Mac inference baseline — M5 Pro / 48GB

Date: 2026-05-31 Hardware: Apple M5 Pro, 48 GB, 18 cores (6 perf + 12 P), macOS 25F71 Harness: tinygpt bench --engine tinygpt (greedy decode, seed=42) Commit: d4a9de6 Question: Where is the actual bottleneck on M5 Pro? Is cider’s W8A8 worth the 4-7 day port?

TL;DR

The Mac is 10-20× faster than the realtime/interaction-model targets across every model size we have. cider’s prefill win is real but immaterial at current scales; defer until there’s a 3B specialist or a model-size-driven slowdown.

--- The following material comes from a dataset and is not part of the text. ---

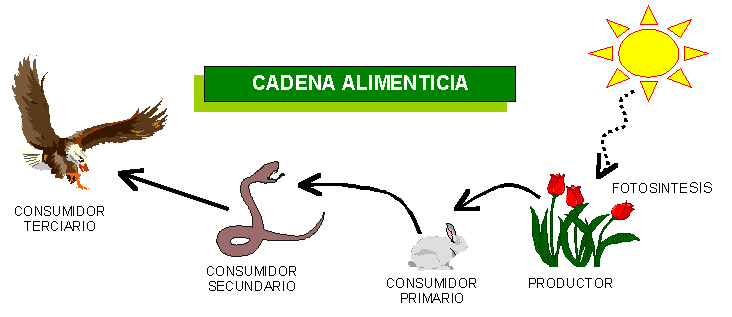 Materia y energía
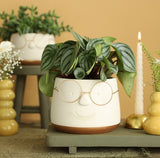 Topf mit Brille Gold Ø13,5 h: 10,5 cm - 6 Stk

ModelParamsTTFT p99ITL p99Decode tok/s
mac-trained (gallery)9.6 M5.83 ms3.75 ms564
flagship-huge-v5221 M4.83 ms4.59 ms385–696*
mega-pilot~960 M5.75 ms4.94 ms293

*decode tok/s varies with how full the context is at start of decode

Realtime targets (from roadmap §realtime):

Raw results

Workload: prompt=64, gen=128, n=25, warm=3

metricmedianp95p99
TTFT (ms)2.434.515.83
ITL (ms)1.533.303.75
decode tok/s564.37761.35767.24
prefill tok/s26380.5738230.5039409.15
peak RSS (MB)206.9207.3207.3

Run 2 — flagship-huge-v5.tinygpt (221 M params)

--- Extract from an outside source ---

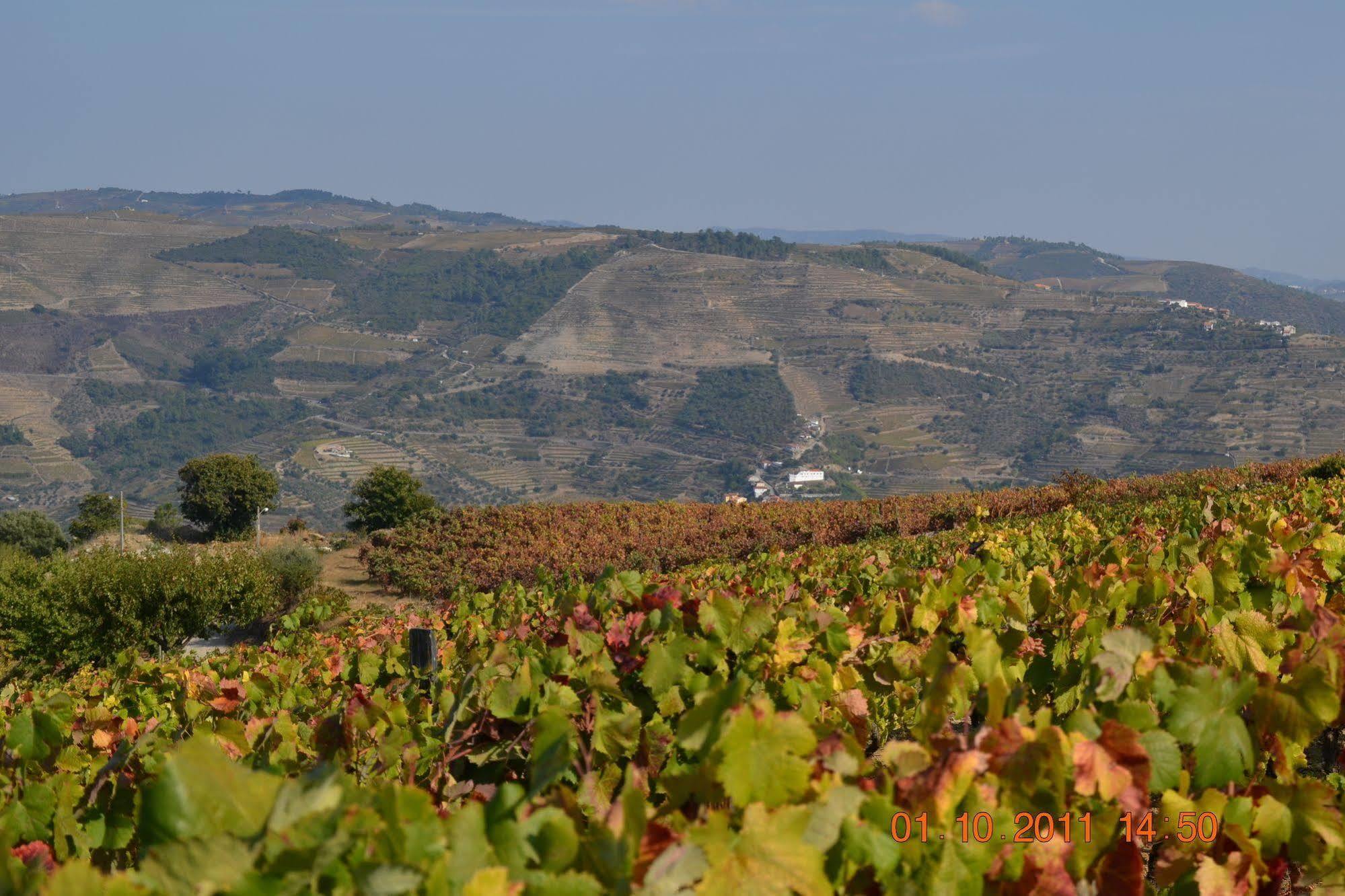 Quinta Dos Espinheiros Βίλα Provesende Εξωτερικό φωτογραφία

Workload: prompt=64, gen=128, n=20, warm=3

metricmedianp95p99
TTFT (ms)3.254.794.83
ITL (ms)2.374.034.59
decode tok/s385.49401.68406.78
prefill tok/s19912.8723213.0323827.04
peak RSS (MB)270.8270.8270.8

Run 3 — flagship-huge-v5.tinygpt, prefill-heavy

Workload: prompt=128, gen=128, n=20, warm=3 (context fills to ctx=256 cap)

metricmedianp95p99
TTFT (ms)2.253.473.65
ITL (ms)1.302.312.75
decode tok/s696.99707.33717.32
prefill tok/s56814.7458527.3058687.24
peak RSS (MB)323.7323.7323.7

Run 4 — mega-pilot.tinygpt (~960 M params, 1.1 GB on disk)

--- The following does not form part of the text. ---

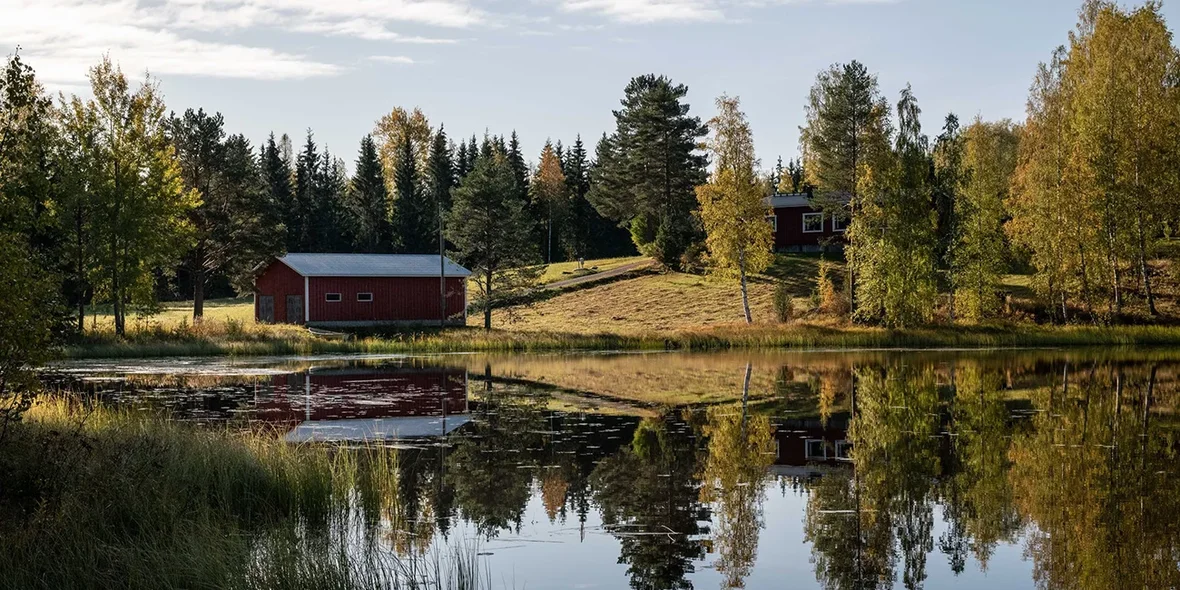 Buying a cheap house and moving to Finland — isn’t it a dream? A selection of cosy houses in the forest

Workload: prompt=64, gen=64, n=10, warm=2

metricmedianp95p99
TTFT (ms)4.765.755.75
ITL (ms)3.244.654.94
decode tok/s293.20298.33298.33
prefill tok/s14359.4415048.5215048.52
peak RSS (MB)687.0687.2687.2

Run 5 — google/gemma-3-12b (LM Studio, MLX, 12B params, 8.07 GB on disk)

Workload: prompt≈64 (default system+user template in bench_decode.py), gen=128 max (model stops at ~47 tokens — task is “three sentences”), n=20, warm=1. M5 Pro, macOS 26.5, gemma3 MLX runtime. RSS polled on the LM Studio inference worker (a node process; the lmlink-connector subprocess holds only the IPC bridge, ~38 MB — not the model).

metricmedianp95p99
TTFT (ms)184.0187.7187.9
ITL (ms)28.585.190.9
decode tok/s36.336.736.9
peak RSS (MB)909790979097

Reproduce:

lms load google/gemma-3-12b --identifier google/gemma-3-12b
WORKER=$(ps -axo pid,rss,comm | awk '/lmstudio.*node/ && $2>1000000 {print $1; exit}')
python3 scripts/bench_decode.py \
  --url http://127.0.0.1:1234/v1/chat/completions \
  --model google/gemma-3-12b --rss-pid "$WORKER" \
  --jsonl docs/research/data/gemma-12b-decode.jsonl \
  > docs/research/data/decode-gemma-12b.json

Takeaways (verified against this row, not the from-scratch ones above):

Implications for the cider decision

What cider would buy us

Per docs/research/wave_2_5_kernel_audit.md §2, cider on M5 Pro:

Why it doesn’t help us right now

  1. Model size mismatch. cider’s wins scale with matmul cost. At 221M / 960M params on M5 Pro, the model loads in <700 MB and prefill is 14k-56k tok/s — already saturating GPU compute throughput. Int8 saves nothing material until matmul dominates.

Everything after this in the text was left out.